Web page caption snippets
/---

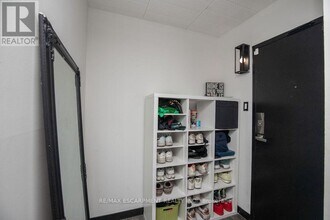 71 Vanier Dr in Kitchener, ON - Building Photo - Building Photo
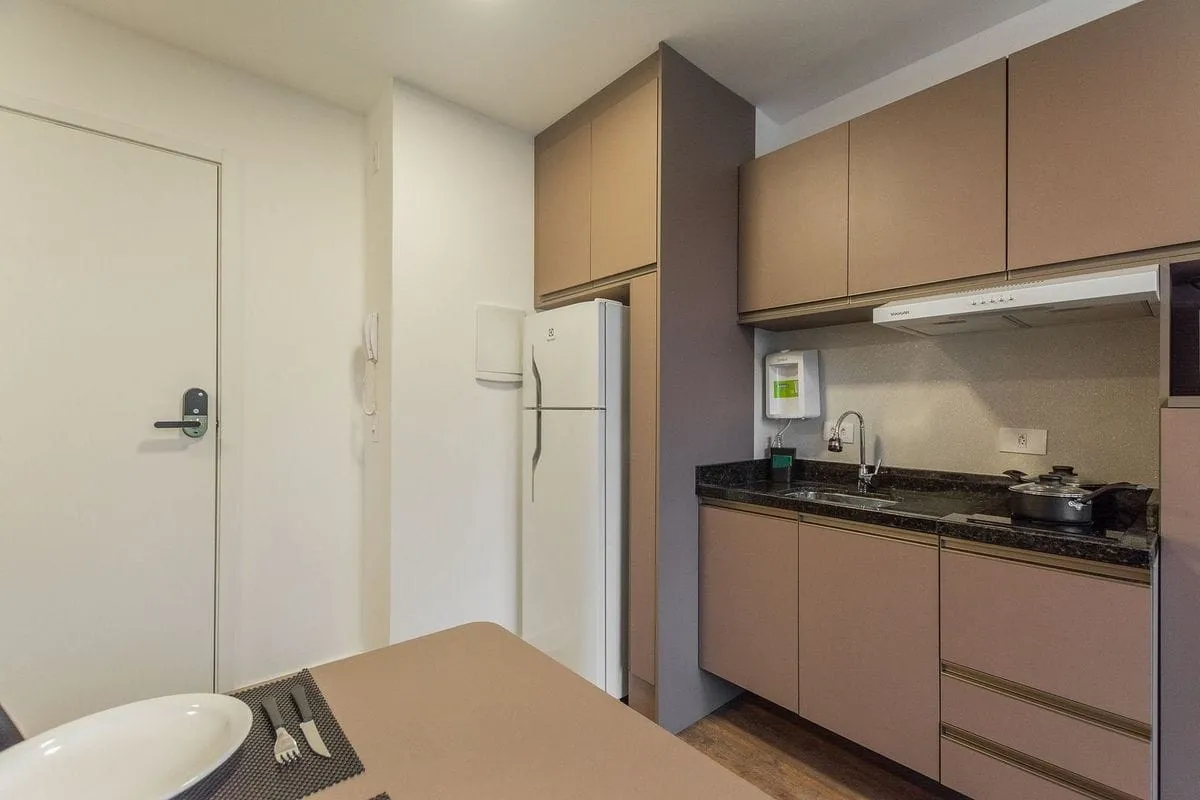 Apartment on the 5th floor with wood or laminate floors — photo 7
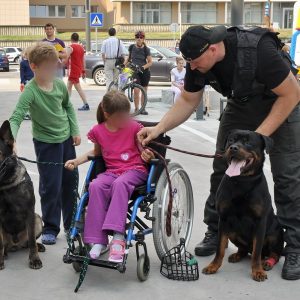 Stretnutie detí s policajným psovodom a jeho zverencami (MDD 2011)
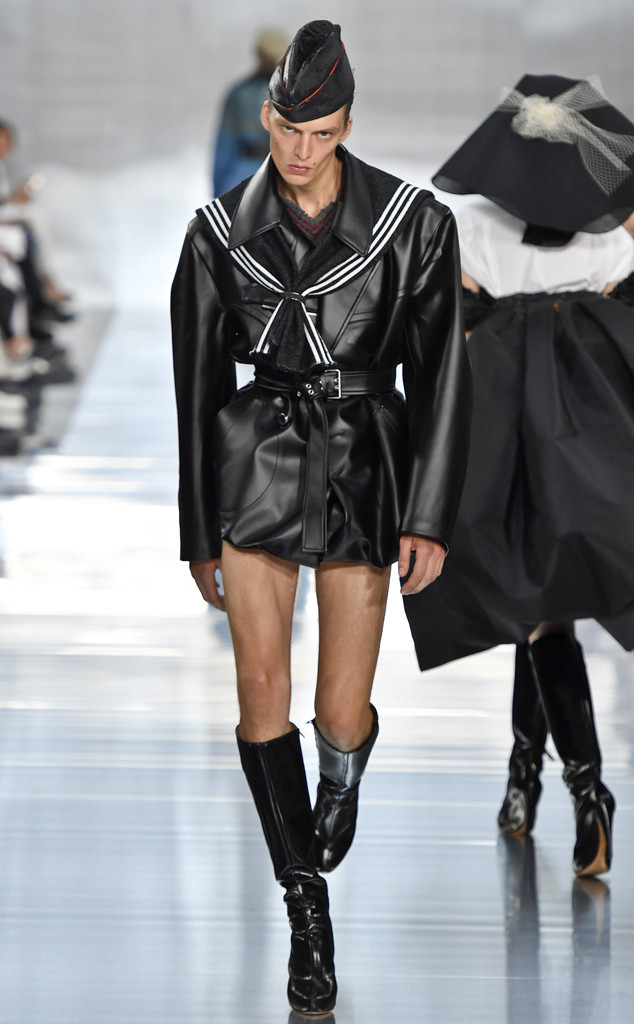 This Runway Model S Epic Paris Fashion Week Strut Has The Internet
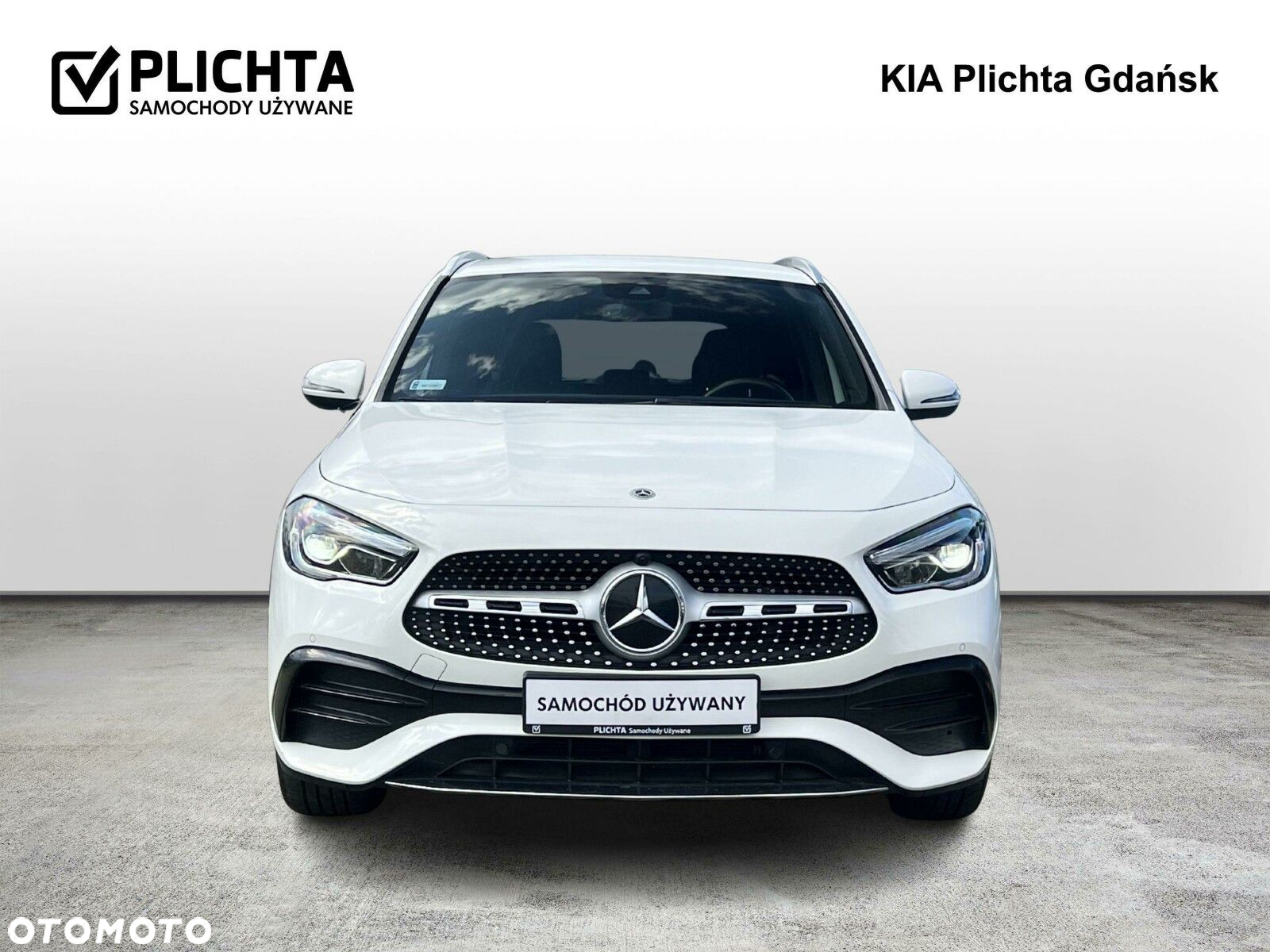 Mercedes-Benz GLA - 8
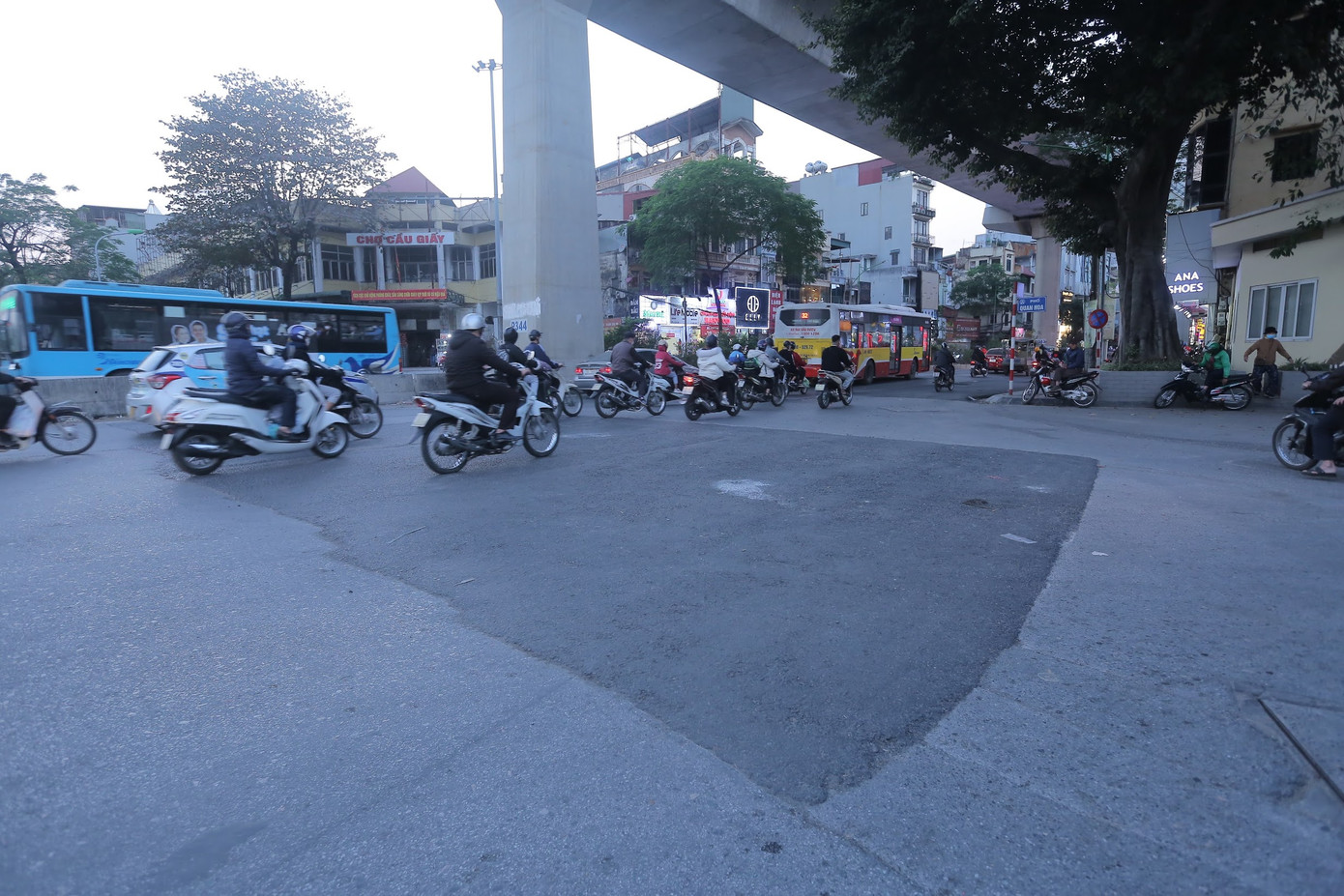 Những ngày cuối năm, ở Hà Nội, nhiều tuyến đường được chỉnh trang, cải tạo, sửa chữa, trong đó có việc thảm lại mặt đường. Ảnh: Duy Phạm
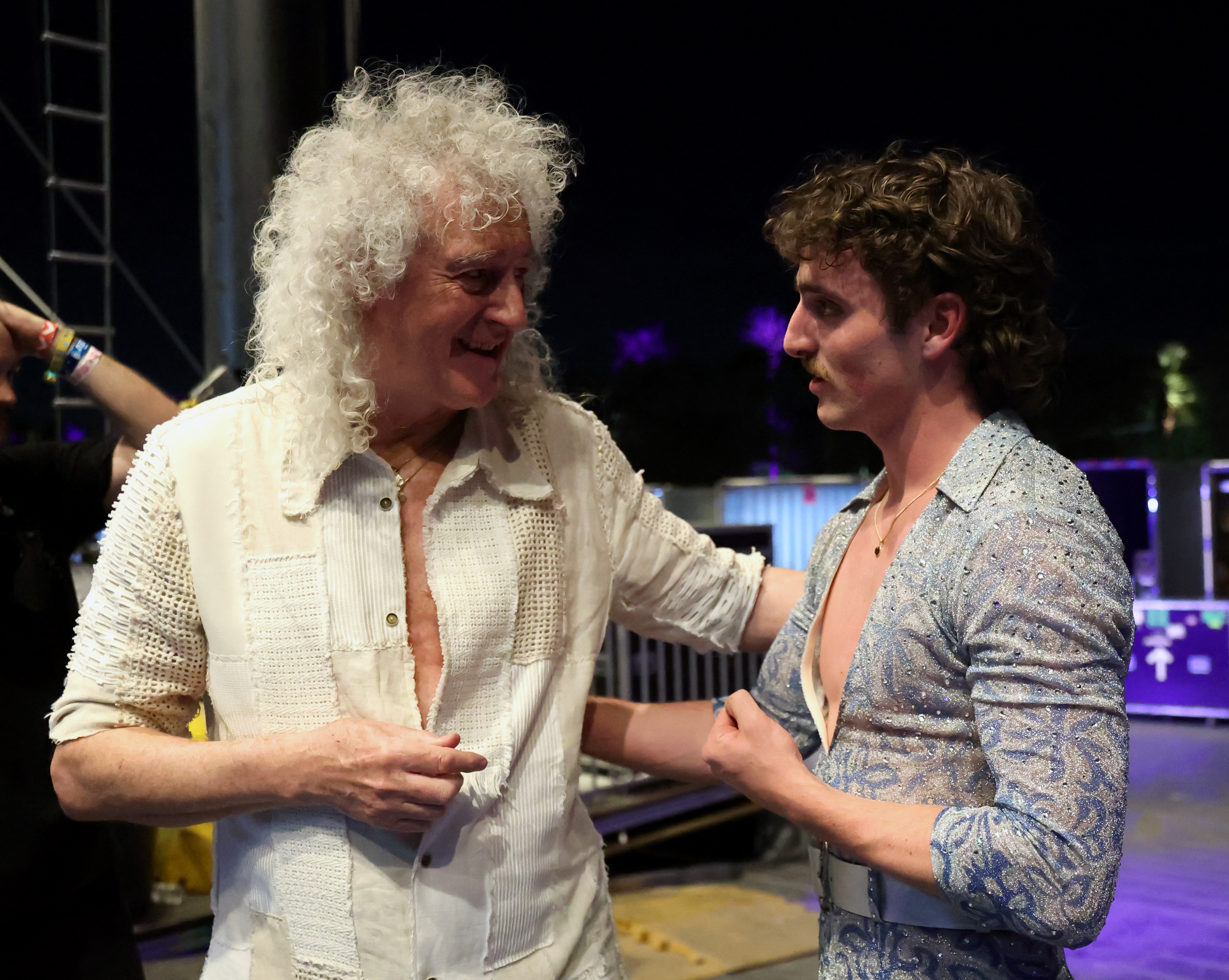 Brian May (l.) und Benson Boone beim Coachella-Festival am 11. April 2025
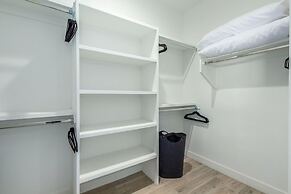 Modern Arcadia Estate Htd Pool Bikes Chef Kitchen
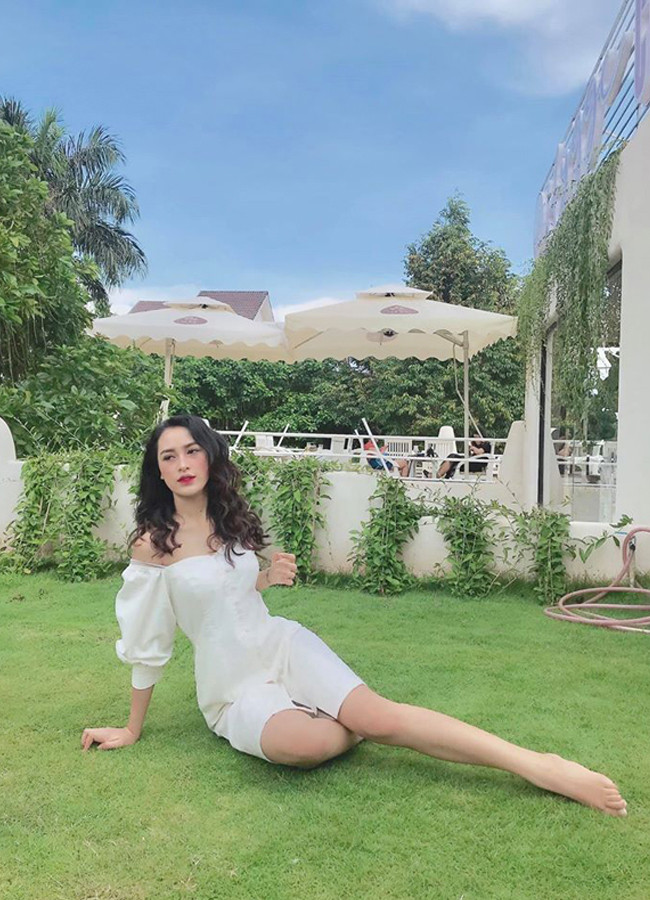 Ở ngoài đời, ngươi đẹp Ê Đê gây ấn tượng bởi gu mặc trẻ trung, mà không kém phần nữ tính, gợi cảm.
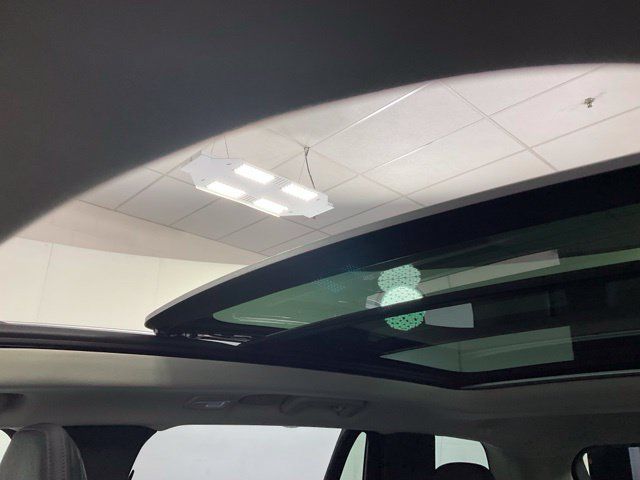 Certified 2025 Volvo XC90 T8 Plus AWD/4WD image 19
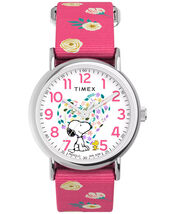 Timex Women&#39;s Quartz Analog Pink Nylon Watch 38mm - $949.17 MXN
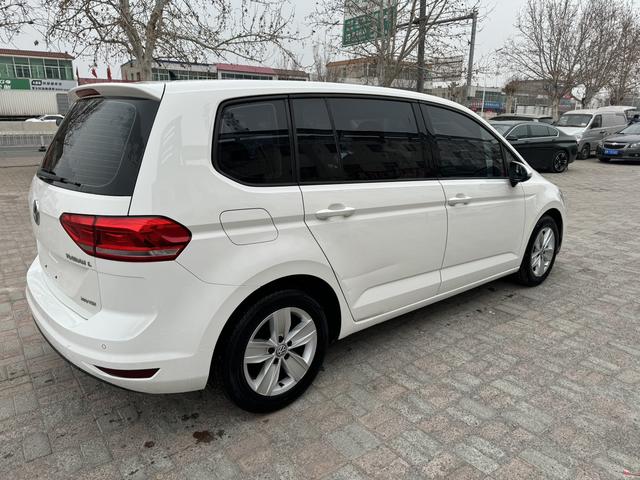 Volkswagen Touran 2017 immagine di auto #6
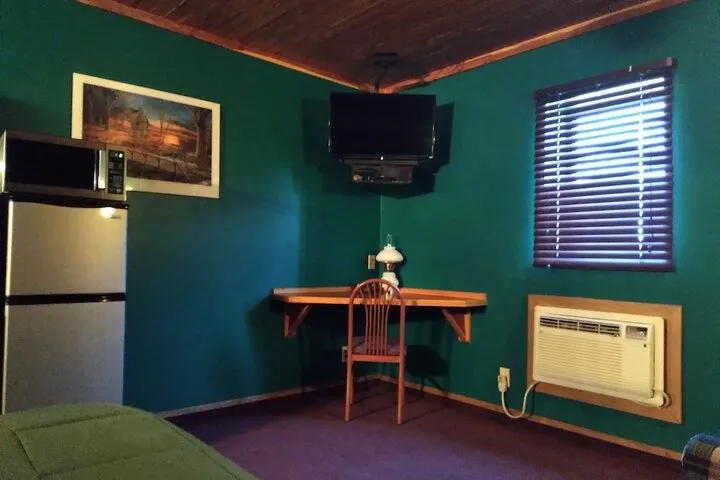 Room 4 of 10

\---

_AIM OF THE TASK_:
All of the data should be returned word for word, with each picture left out.

_REPLY_:
 71 Vanier Dr in Kitchener, ON - Building Photo - Building Photo
 Apartment on the 5th floor with wood or laminate floors — photo 7
 Stretnutie detí s policajným psovodom a jeho zverencami (MDD 2011)
 This Runway Model S Epic Paris Fashion Week Strut Has The Internet
 Mercedes-Benz GLA - 8
 Những ngày cuối năm, ở Hà Nội, nhiều tuyến đường được chỉnh trang, cải tạo, sửa chữa, trong đó có việc thảm lại mặt đường. Ảnh: Duy Phạm
 Brian May (l.) und Benson Boone beim Coachella-Festival am 11. April 2025
 Modern Arcadia Estate Htd Pool Bikes Chef Kitchen
 Ở ngoài đời, ngươi đẹp Ê Đê gây ấn tượng bởi gu mặc trẻ trung, mà không kém phần nữ tính, gợi cảm.
 Certified 2025 Volvo XC90 T8 Plus AWD/4WD image 19
 Timex Women&#39;s Quartz Analog Pink Nylon Watch 38mm - $949.17 MXN
 Volkswagen Touran 2017 immagine di auto #6
 Room 4 of 10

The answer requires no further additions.